Vigorous Fermentation Underway |
It has been a fun and rewarding exercise brewing these beers. Very much look forward to drinking this one.
Recipe Details:
- Grain:
- 19 lbs Golden Promise
- 2.5 lbs Munich
- 2 lbs Caramel Wheat
- 4 oz Double Roasted Crystal
- 4 oz Acid Malt
- Hops:
- 4 oz Target (Pellet, 9.6% AA) at 60 min
- 2 oz Styrian Goldings (Pellet, 3.0% AA) at 20 min
- Yeast:
- WLP005 British Ale
- Water:
- 15 gal spring water
- 2 tspCaCl
- 2 tsp Gypsum
- 1 tsp Irish Moss at 15 min
- Batch Size:
- 6 gal (Target 6 gal)
- Mash:
- 150 F for 60 min
- Boil:
- 120 min
- Fermentation Temperature:
- 70 F (Ambient Basement Temp)
- Primary Duration:
- 4 weeks
- Secondary duration:
- 4 months
- OG:
- 1.100 (Target 1.100)
- Efficiency:
- 69% (Target 69%)
- FG:
- 1.032 (Target 1.025)
- Apparent Attenuation:
- TBD (Target 73%)
- ABV:
- TBD (Target 10%)
- 5/28/23 - Built a yeast starter (100 g of DME and 1 L of water). Set this up to propagate over night
- 5/29/23 - Brew Day - 9:45 AM to 3:15 PM including setup and cleanup
- Heated 10 gal of spring water up to 180 F
- Milled my grain. Added 1 tsp of CaCl and Gypsum to the mash (also added 1 tsp of each to the brew kettle at this time so I wouldn't forget)

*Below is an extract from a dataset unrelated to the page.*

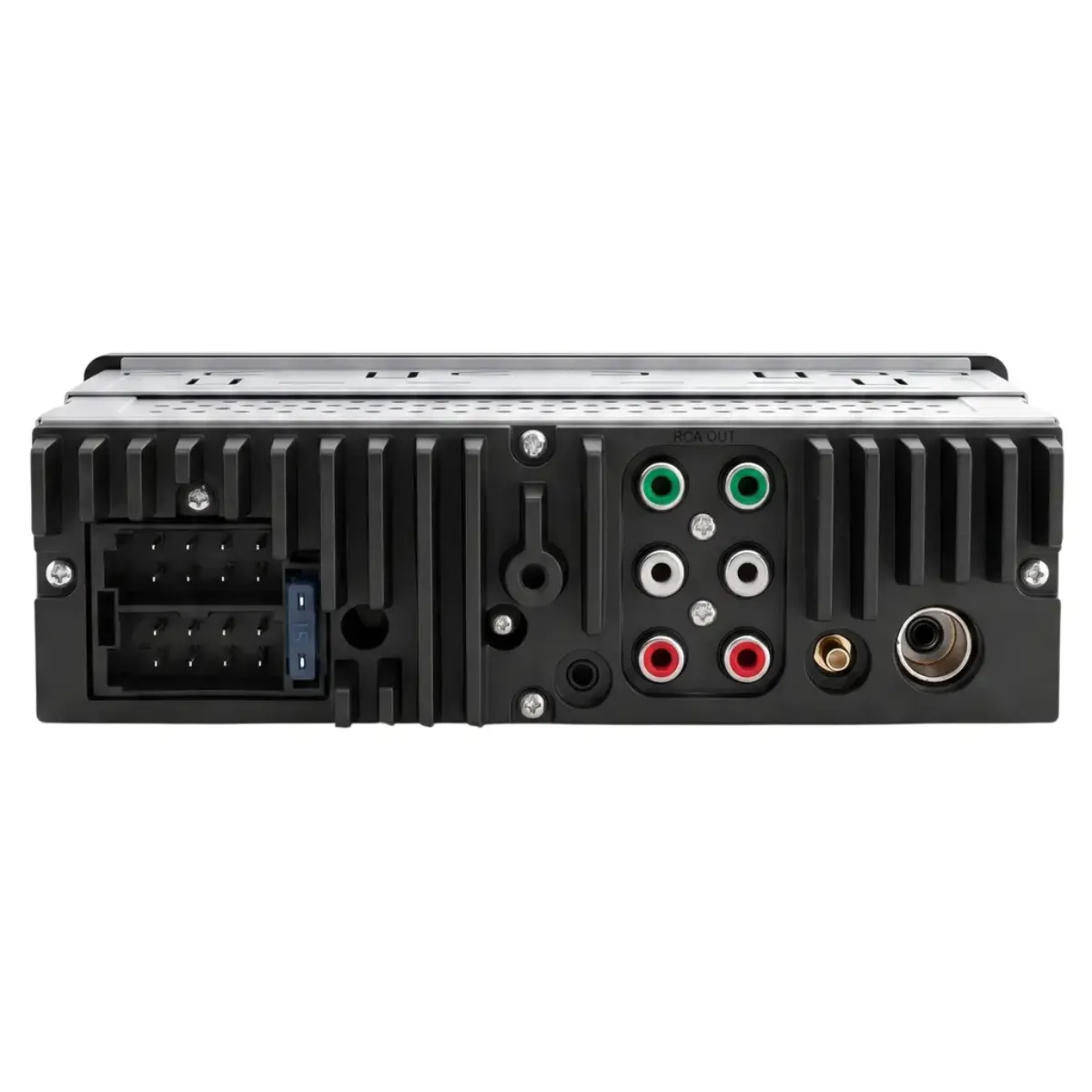 Radio Automotivo JBL Celebrity 350D 1-DIN Bluetooth 6.0 DAB+ USB AUX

Caramel Wheat - a new one for me |
- Moved 8 gal of strike water to the mash tun and cycled through the RIMS until the temperature settled to 160 F. Ended up overheating my strike water so I added some cool spring water to get the temperature down
- Stopped the RIMS cycle and added grain to the mash tun. Stirred well to eliminate doughballs. Let this settle for 10 min - ended up at 152
- Cycled the RIMS at 150 F for 60 min
- Heated 7 gal of sparge water to 180 F
- Fly sparged until 10 gal had been collected. Started heating the wort after collecting 3 gal. Had it at a boil shortly after the end of the sparge
- Added bittering hops with 60 min left
- Added Flavoring hops with 20 min left
- Added Irish Moss at 15 min
- With 5 min left I added the wort chiller to sanitize
- Chilled the wort down to 70 F
- Transferred to my fermenter - let the wort fall a couple feet to aerate. Pitched the yeast during this transfer.
- Collected about 6 gal. Measured the gravity as 1.100 which is right on target.
- Set this up to ferment at ambient basement temperatures (mid 60s)
- 5/30/23 - Fermentation has started very strongly - krausen pushed out the airlock (thought that might happen so I put the fermenter on a towel to minimize cleanup)
- 8/6/23 - Transferred to secondary fermenter for aging. The beer is at 1.032 at this point. I'm going to let it age for 4 months or so.
- 4/21/24 - Transferred to a bucket fermenter for a cold crash. The beer is still 1.032. I'll fine with gelatin tomorrow and plan to bottle in a week. It has a nice balance between complex malty flavors and a firm bitterness - also quite boozy.